## Task description
Restate word for word the part of the material that runs from the line containing "f0012852_21254849.jpg" through its final line, inclusive, minus the pictures.

^^^^^^^^^^^^^^^^

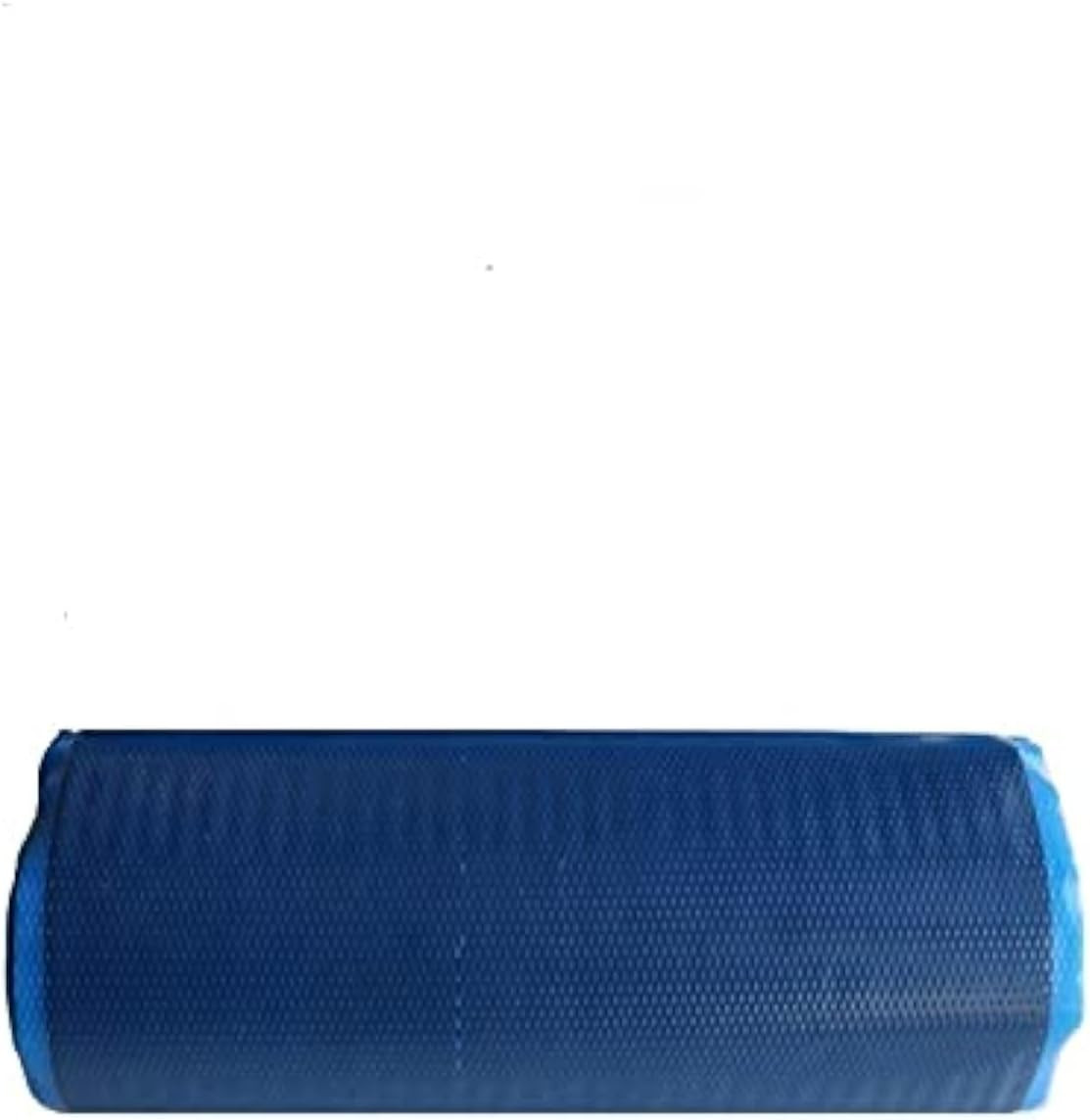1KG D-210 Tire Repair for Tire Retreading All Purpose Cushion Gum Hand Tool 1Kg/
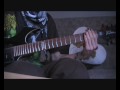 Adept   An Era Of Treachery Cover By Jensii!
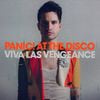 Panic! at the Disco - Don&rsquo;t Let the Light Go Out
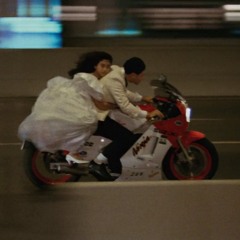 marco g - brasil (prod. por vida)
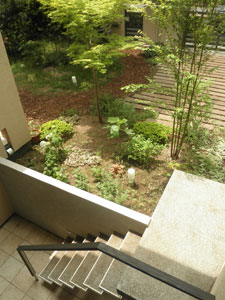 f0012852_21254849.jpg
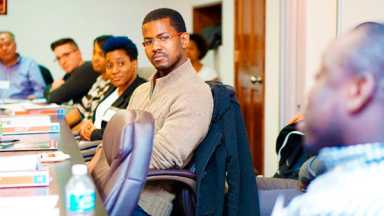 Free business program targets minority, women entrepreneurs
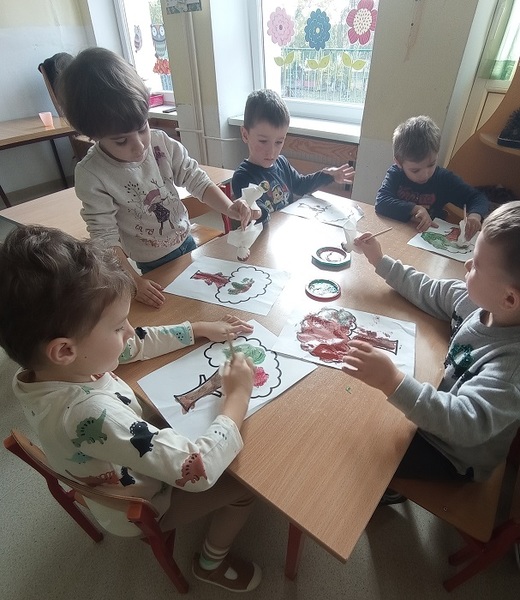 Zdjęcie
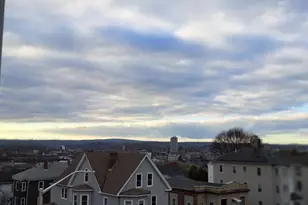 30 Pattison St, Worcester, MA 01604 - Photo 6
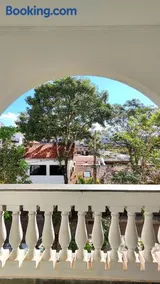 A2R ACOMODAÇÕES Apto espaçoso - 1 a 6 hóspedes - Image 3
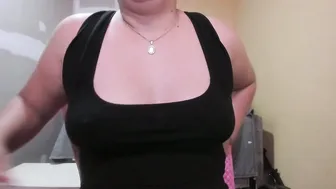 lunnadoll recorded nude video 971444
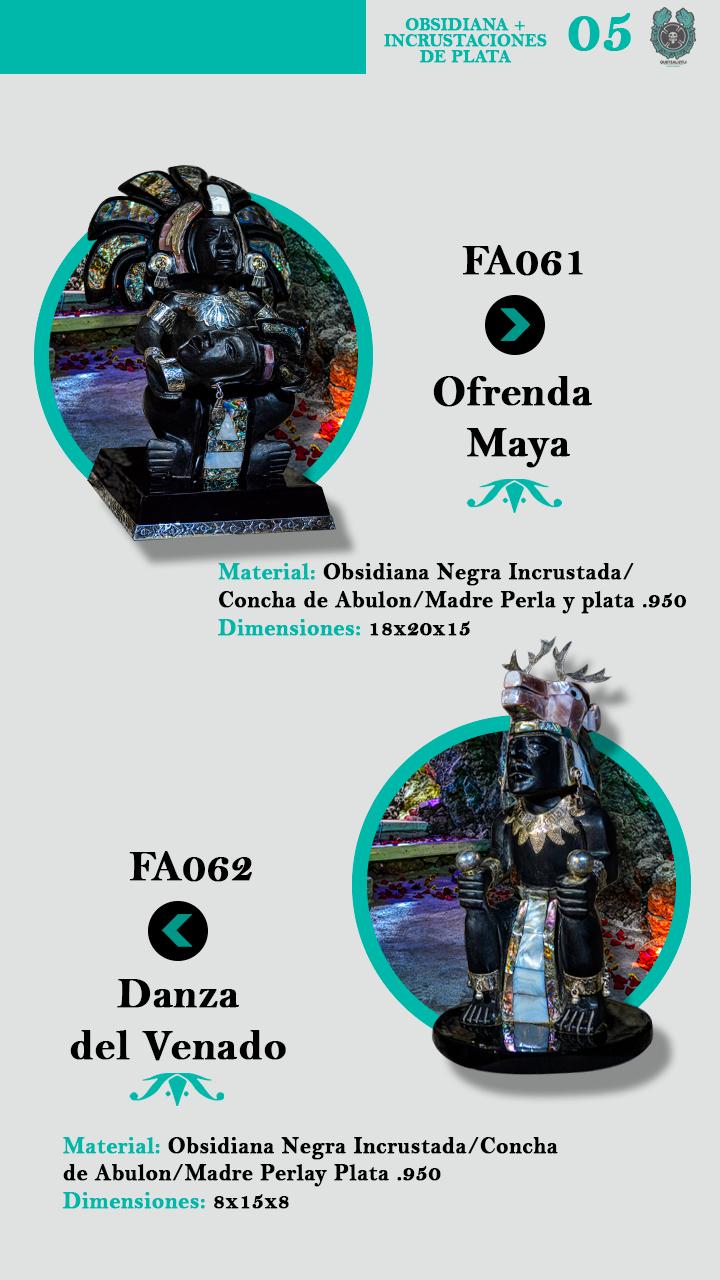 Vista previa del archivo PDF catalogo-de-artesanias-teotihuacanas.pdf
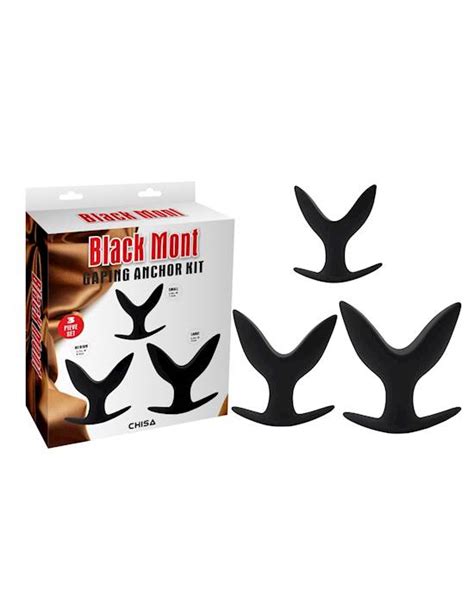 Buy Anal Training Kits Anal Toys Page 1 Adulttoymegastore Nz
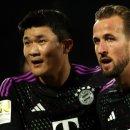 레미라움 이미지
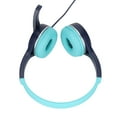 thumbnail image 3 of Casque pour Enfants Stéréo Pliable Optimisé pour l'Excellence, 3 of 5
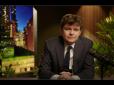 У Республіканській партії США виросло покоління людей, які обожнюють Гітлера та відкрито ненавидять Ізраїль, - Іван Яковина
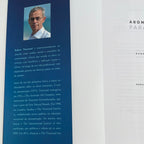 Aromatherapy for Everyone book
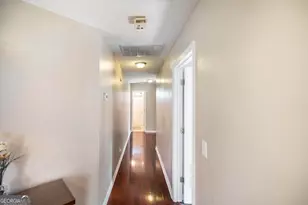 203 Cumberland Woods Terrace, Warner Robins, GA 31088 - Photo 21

^^^^^^^^^^^^^^^^

## Answer to the exercise
 f0012852_21254849.jpg
 Free business program targets minority, women entrepreneurs
 Zdjęcie
 30 Pattison St, Worcester, MA 01604 - Photo 6
 A2R ACOMODAÇÕES Apto espaçoso - 1 a 6 hóspedes - Image 3
 lunnadoll recorded nude video 971444
 Vista previa del archivo PDF catalogo-de-artesanias-teotihuacanas.pdf
 Buy Anal Training Kits Anal Toys Page 1 Adulttoymegastore Nz
 레미라움 이미지
 thumbnail image 3 of Casque pour Enfants Stéréo Pliable Optimisé pour l'Excellence, 3 of 5
 У Республіканській партії США виросло покоління людей, які обожнюють Гітлера та відкрито ненавидять Ізраїль, - Іван Яковина
 Aromatherapy for Everyone book
 203 Cumberland Woods Terrace, Warner Robins, GA 31088 - Photo 21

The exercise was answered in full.